### Your goal
Reproduce word for word, from the entries below, the line with "J'ai lu. Manga", the line with "pink-embroidered-chiffon-saree-zb132538_2_SareeButa.com", and every line between them, and nothing more.

### Supplied data
--------------------------------

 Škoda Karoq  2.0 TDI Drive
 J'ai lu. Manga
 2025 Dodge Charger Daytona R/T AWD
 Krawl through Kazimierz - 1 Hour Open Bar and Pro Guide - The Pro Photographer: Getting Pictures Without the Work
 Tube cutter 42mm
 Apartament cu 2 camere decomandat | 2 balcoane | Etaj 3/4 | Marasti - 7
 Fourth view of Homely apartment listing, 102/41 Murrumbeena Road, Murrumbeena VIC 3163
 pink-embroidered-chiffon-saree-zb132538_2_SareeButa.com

--------------------------------

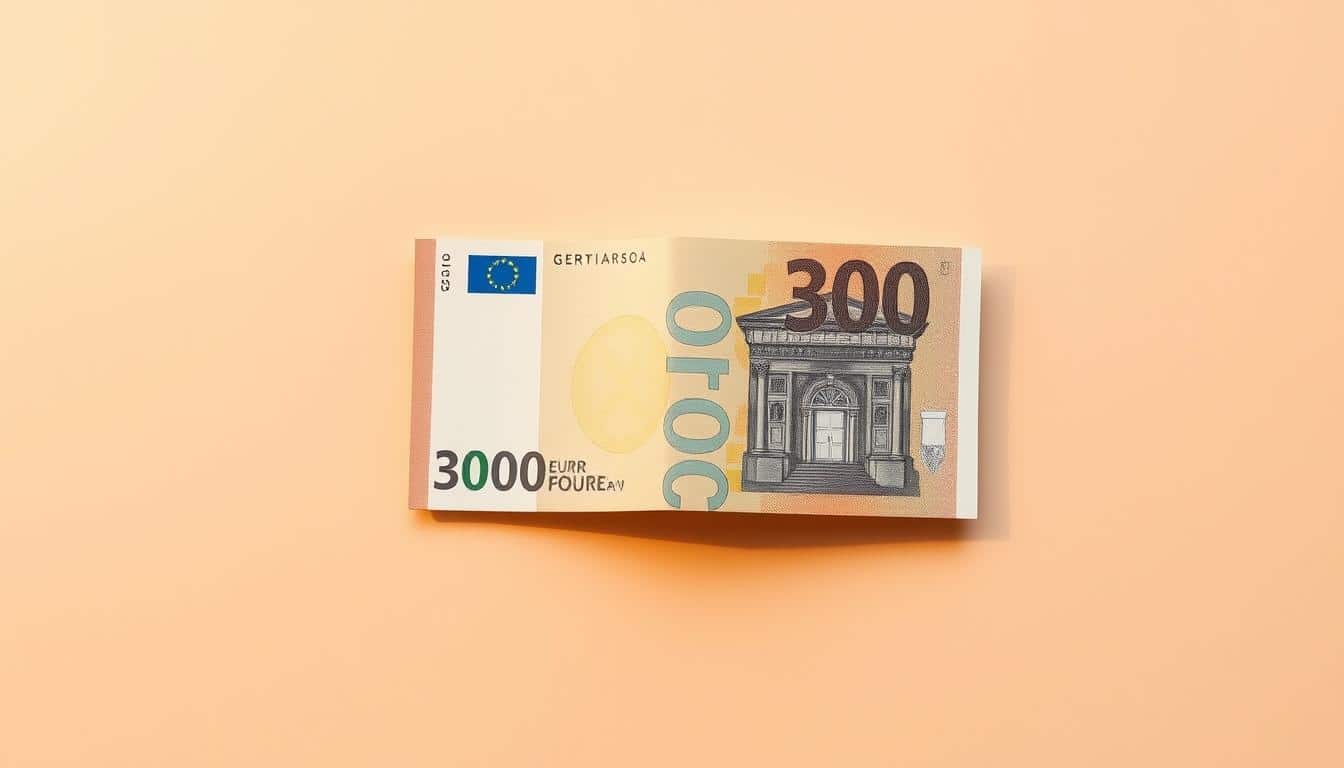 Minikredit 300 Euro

--------------------------------

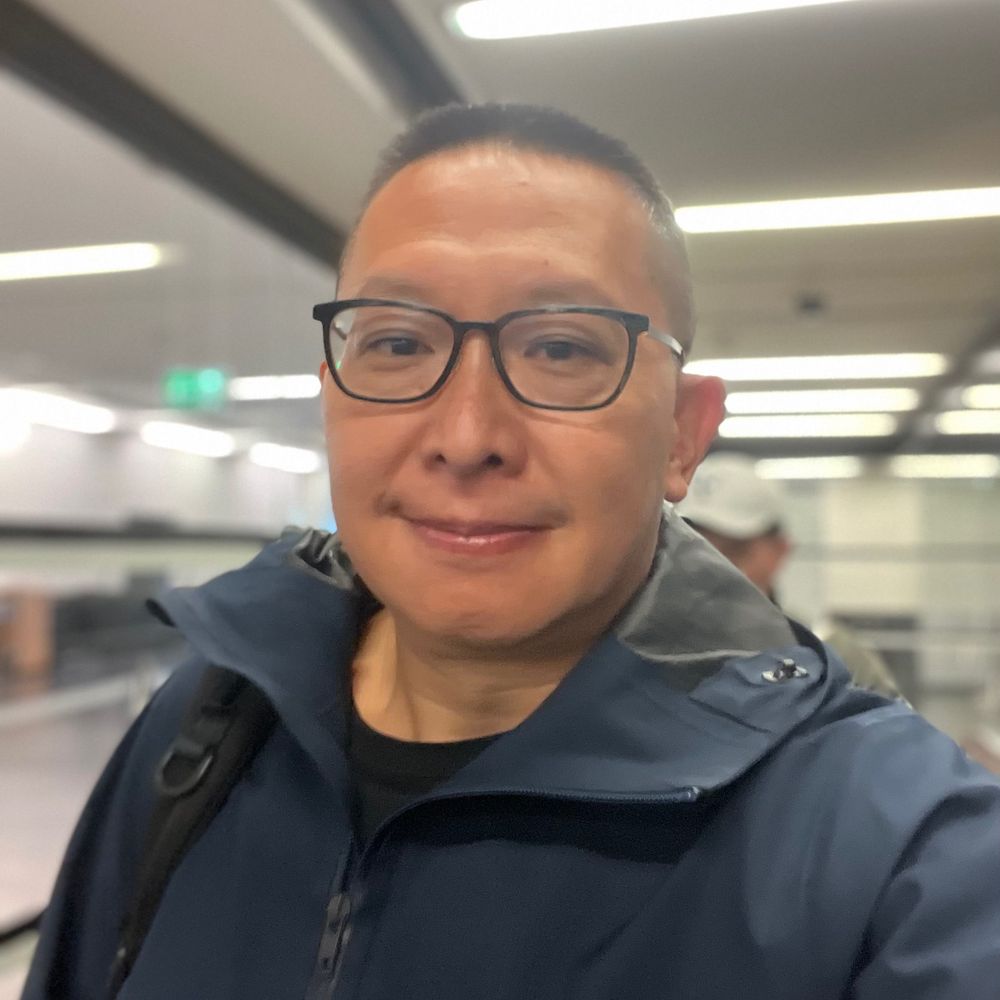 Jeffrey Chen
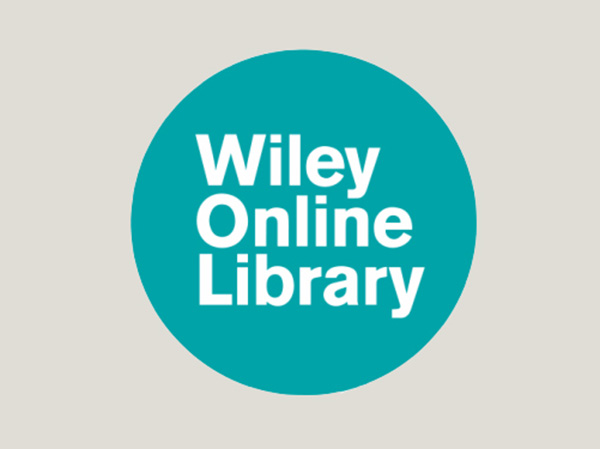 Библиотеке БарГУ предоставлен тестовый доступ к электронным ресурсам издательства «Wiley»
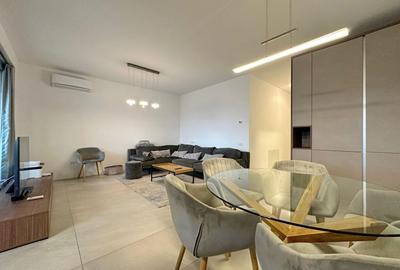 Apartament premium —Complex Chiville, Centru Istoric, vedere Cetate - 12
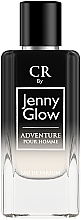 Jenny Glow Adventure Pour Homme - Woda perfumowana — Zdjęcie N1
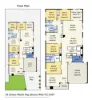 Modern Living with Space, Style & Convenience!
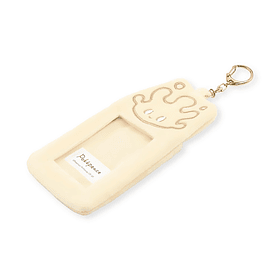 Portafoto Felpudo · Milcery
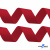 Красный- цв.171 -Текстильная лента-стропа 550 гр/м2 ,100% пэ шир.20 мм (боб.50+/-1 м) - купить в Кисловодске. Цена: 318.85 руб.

--------------------------------

### Completed task
 J'ai lu. Manga
 2025 Dodge Charger Daytona R/T AWD
 Krawl through Kazimierz - 1 Hour Open Bar and Pro Guide - The Pro Photographer: Getting Pictures Without the Work
 Tube cutter 42mm
 Apartament cu 2 camere decomandat | 2 balcoane | Etaj 3/4 | Marasti - 7
 Fourth view of Homely apartment listing, 102/41 Murrumbeena Road, Murrumbeena VIC 3163
 pink-embroidered-chiffon-saree-zb132538_2_SareeButa.com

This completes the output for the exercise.